The Excel Marketing Problem

In the movie “Yesterday” a struggling musician has a very weird accident and he ends up in hospital. Through a supernatural twist of fate, he wakes up in an identical world with one weird difference: the Beatles never existed. And he’s the only one who remembers them. He goes on to recreate all their songs as a shortcut to his own fame and fortune, and learns a lot along the way.

It’s a good and charming film. I recommend you check it out.

“Thanks Chris, but what does this have to do with anything?”

I want you to imagine the same scenario, but instead of it being about a struggling musician and the Beatles it was instead a marketer and Excel.

Imagine if I clicked my fingers and Lotus 1-2-3, Excel, Google Sheets, Air Table, etc had never been built. The rest of the world is the same, except for that.

This is your golden ticket. You can build Excel and bring it to the world. What’s the value of Excel? $300B – $600B apparently.

It’s basically the equivalent of knowing the lottery numbers in advance, right? Can’t lose! Time to make some bank, woo-hoo!

Well, cool your jets there bud. Sure, you could build the product and do that. But I have a question for you: how would you bring it to market?

You scoff, “dude, I mean, it just markets itself, look at how many folks use it?”

Sure sure, but seriously, where would you start? Who would be your first users? How would you get people to pay attention?

Let’s start with an easier question: what can you use Excel for? And who can use it?

Answer: you can use it for anything, and the primary user is everyone!

That’s both wonderful but also a serious problem. You can’t bring a product to market with such a vague message.

I bring this up because so many of my marketing clients, and startups in particular, have what I call “the excel marketing problem” which is where there are so many powerful ways to use the product that it’s hard to decide on a narrow go to market message.

And any message will either feel to reductive, or the founders get stuck in “but it can also do X, Y, Z” which is great, but just muddies the message.

Solution to the excel marketing problem

The simple solution is to identify the use case with the best optimization of your product shining, a willingness to pay for that solution, ease of reaching that audience, and where the current solutions suck.

We’ve seen this a lot with the tail end of the previous startup status quo, and at the start of the AI paradigm shift.

From 2016-2021 one of the most reliable playbooks for building a new technology company was to take general software like, say, a CRM, payroll solution, backoffice management tool, ERP, accounting software, etc. and to make it specific to a vertical.
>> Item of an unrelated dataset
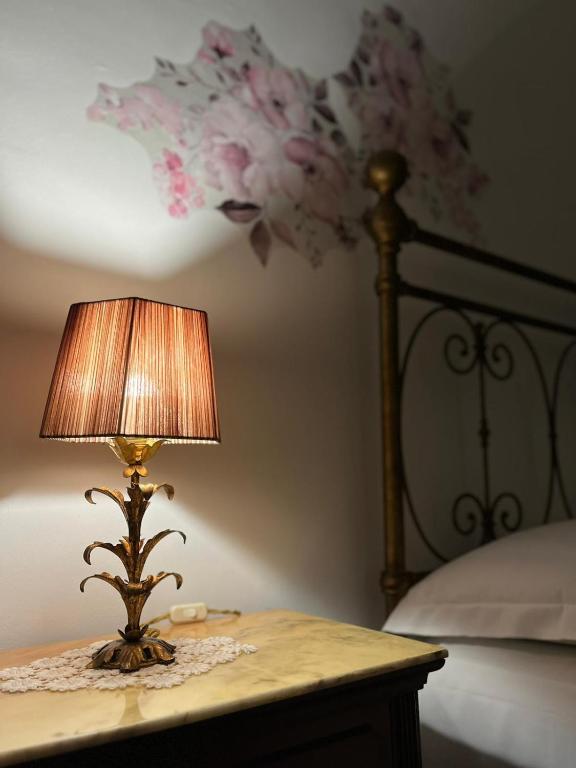 A bed or beds in a room at NicAnto's Home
This is solving the excel marketing problem by saying “we’re excel for healthcare” basically. Cool, now you’ve constrained the problem, product, and market.

Since 2022 it’s been the shift to AI. And AI can do, well, anything. Can it really though? Not exactly, so let’s refine it a bit: when the good use cases for a tool far exceed the user’s imagination, then you’re probably stumbling into an excel marketing problem.
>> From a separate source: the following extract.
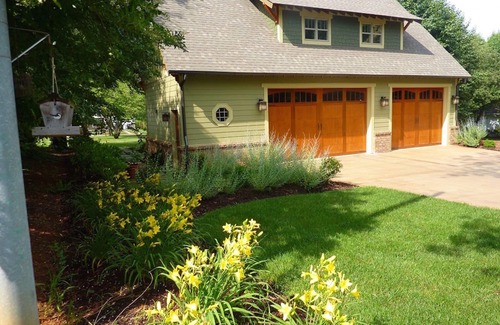 Cleveland House | Historic District Lofty Bungalow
And right now, the constraint to getting the most out of AI is your imagination. That sounds wonderful until you consider: 1) this creates a paradox of choice on steroids tyranny for the entrepreneur and 2) the opportunity cost for choosing what to work on feels massively high.

Put another way, if you choose to work on something AI-related that doesn’t take off, you blame yourself because theoretically there was nothing stopping you from working on the right project. It’s entirely your fault. You can’t comfort yourself that you could have built X if the technology was available to build it.

Now that we’re back to blue sky opportunities with AI, we’re going to have good at solving the excel marketing problem again. So many things have become possible or feasible to build, that the marketing challenge will be: “how do I add constraints so I can bring this to market?”

So one realizations about the excel marketing problem is that a go to market campaign needs a minimum number of constraints to be effective. Marketing is about getting the right message to the right user at the right time and place.

The only way to beat the excel marketing problem is to create constraints. And if you’re wrong about your go to market hypothesis, then learn, iterate, and try a fresh approach.